Christina Weiland, faculty co-director of the Education Policy Initiative, has studied pre-K programs around the country. The state of Michigan will spend an additional $107M in its 2023-2024 budget on pre-K, hoping to increase the number of children in public programs. She and co-author Ajay Chaudry from NYU, addressed five questions about the new investment in an article published by The Conversation. Here are excerpts:
How many kids attend public pre-K in Michigan?
Michigan’s Great Start Readiness Program is a voluntary public pre-K program for 4-year-olds operating in all but one of Michigan’s 83 counties. Classrooms are offered in both public schools and in community-based partner organizations.

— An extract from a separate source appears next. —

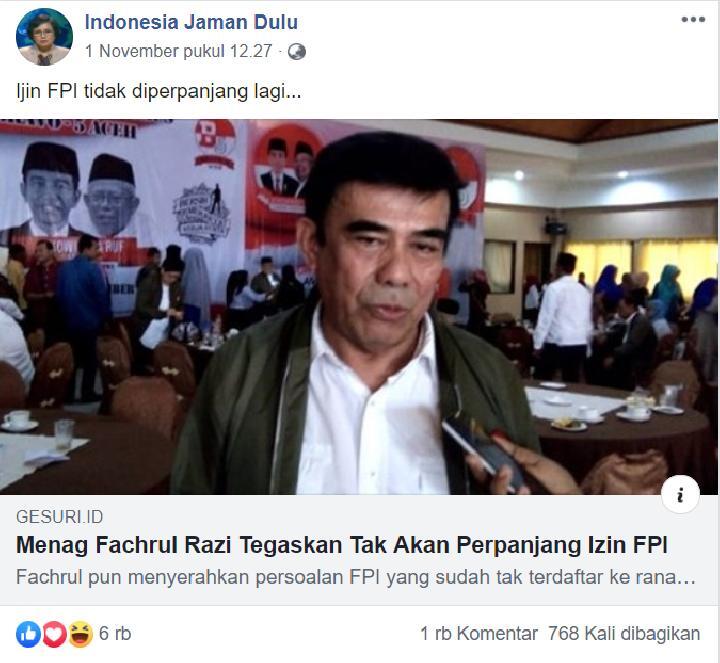 Menteri Agama Tidak Akan Perpanjang Izin FPI?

The majority of children who attend qualify based on their family’s income. Kids whose parents earn up to 300% of the federal poverty line, or $90,000 for a family of 4, are eligible. Children can also gain access to the program if they have a disability, at least one of their parents has not graduated from high school or is illiterate, or English is not the primary language in their home.

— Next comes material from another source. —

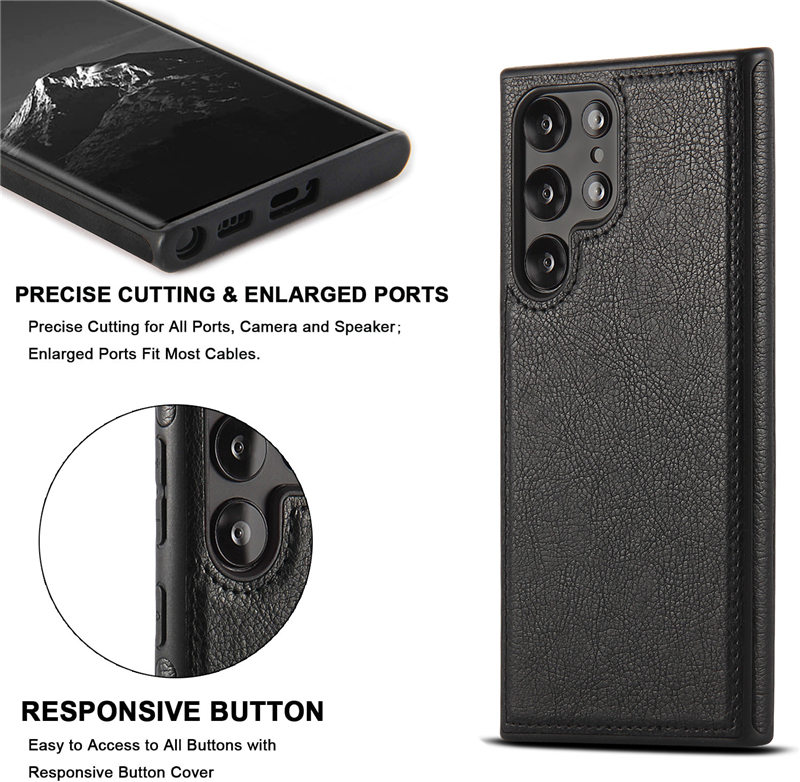 Slim Back Cover Business Style Pu Leather Mobile Phone Bags For Samsung Galaxy S22 Ultra S23 5G Original Case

In the 2021-22 school year, the program operated in 2,524 classrooms and enrolled 30,872 children across Michigan. By our team’s estimates, enrollment increased to 33,200 in 2022-23.

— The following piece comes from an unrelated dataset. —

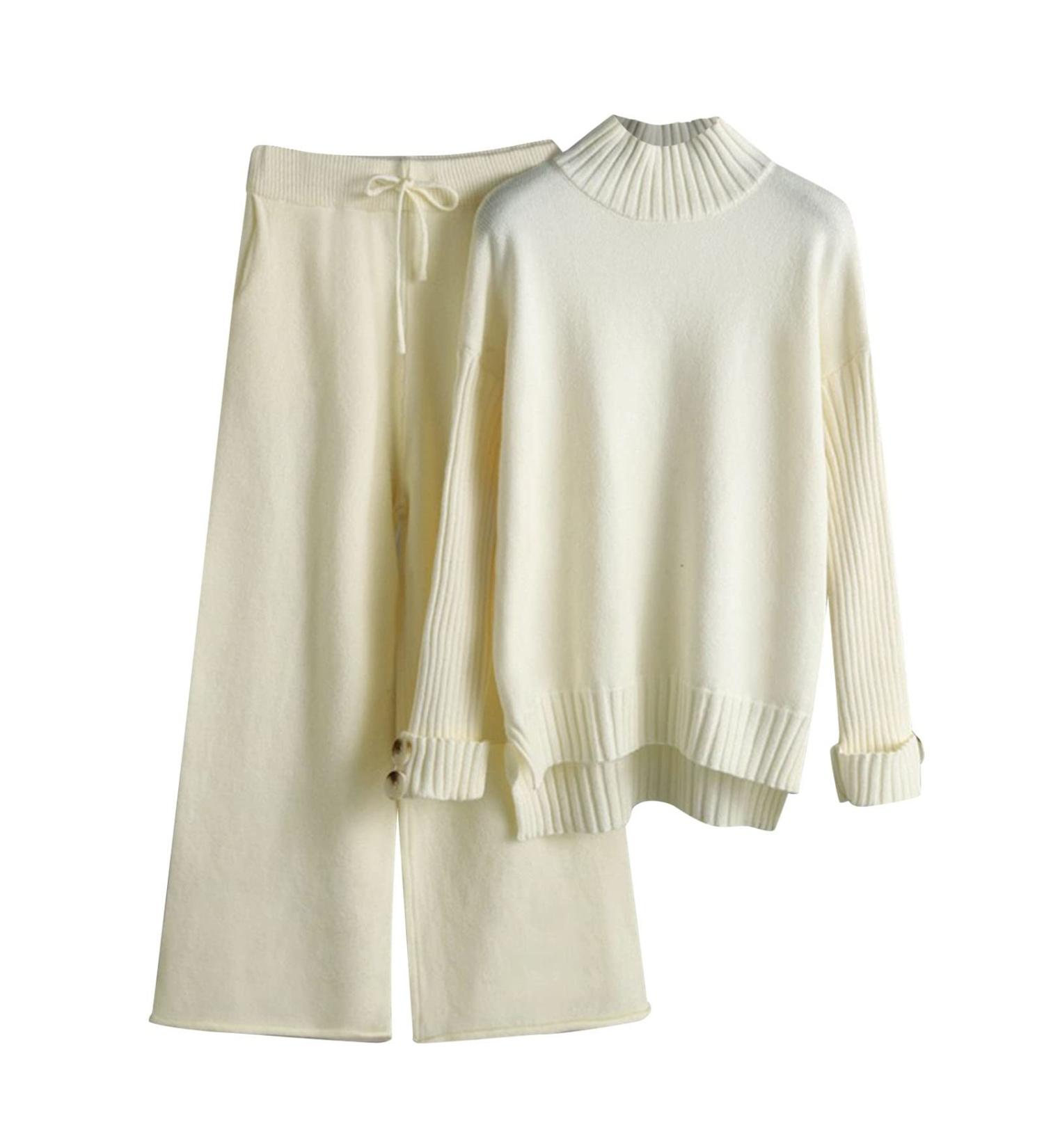 Women's Knitted Evening Pants Suit Set | High Collar Sweater | Autumn/Winter Thermal Beige - Buy Online on GoSupps.com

What are the strengths of the program, and where could it do better?
Michigan is one of only five states to meet all 10 quality benchmarks set by the National Institute for Early Education Research, a research institution based at Rutgers University.
Some of the program’s notable strengths include requiring universal developmental and health screenings for students, offering in-classroom coaching for all Great Start teachers and requiring lead teachers to have a college degree and specialized early education training. Nationally, only about half of state pre-K programs require a college degree for teachers and only about a third require coaching.
Like all state-funded pre-K programs, Great Start also has some room for improvement. In a recent policy brief, our team highlighted several critical areas for further investment. For example, there are large gaps in pay and benefits for Great Start teachers compared with K-12 teachers in the state. These gaps amount to an average of $17,500 less per year for state pre-K teachers in public schools and $25,000 less per year for those in community-based programs.
What does research say about the benefits of public pre-K?
Decades of rigorous research show that children who attend high-quality pre-K programs are more ready for kindergarten, meaning they have on average stronger language, literacy, math, social emotional and executive function skills than their peers who did not attend preschool. Dual-language learners, children of color, children from families with low incomes and children with disabilities particularly benefit from high-quality pre-K.
Pre-K also supports families by giving parents time to work.
The benefits of preschool can last into adulthood, improving high school graduation rates, college enrollment rates and the long-term health of kids who attend.
Families with higher incomes in the U.S. have historically had more access to high-quality preschool than families with less means. Public pre-K programs help fill that gap.
What’s next in Michigan?
Gov. Gretchen Whitmer’s administration has announced intentions to continue to expand public pre-K, including a goal of offering universal pre-K to all Michigan 4-year-olds by the end of 2026.
To date, only six states – Florida, Iowa, Oklahoma, Vermont, West Virginia, Wisconsin – plus D.C. have achieved universal preschool for 4-year-olds, according to the National Institute for Early Education Research.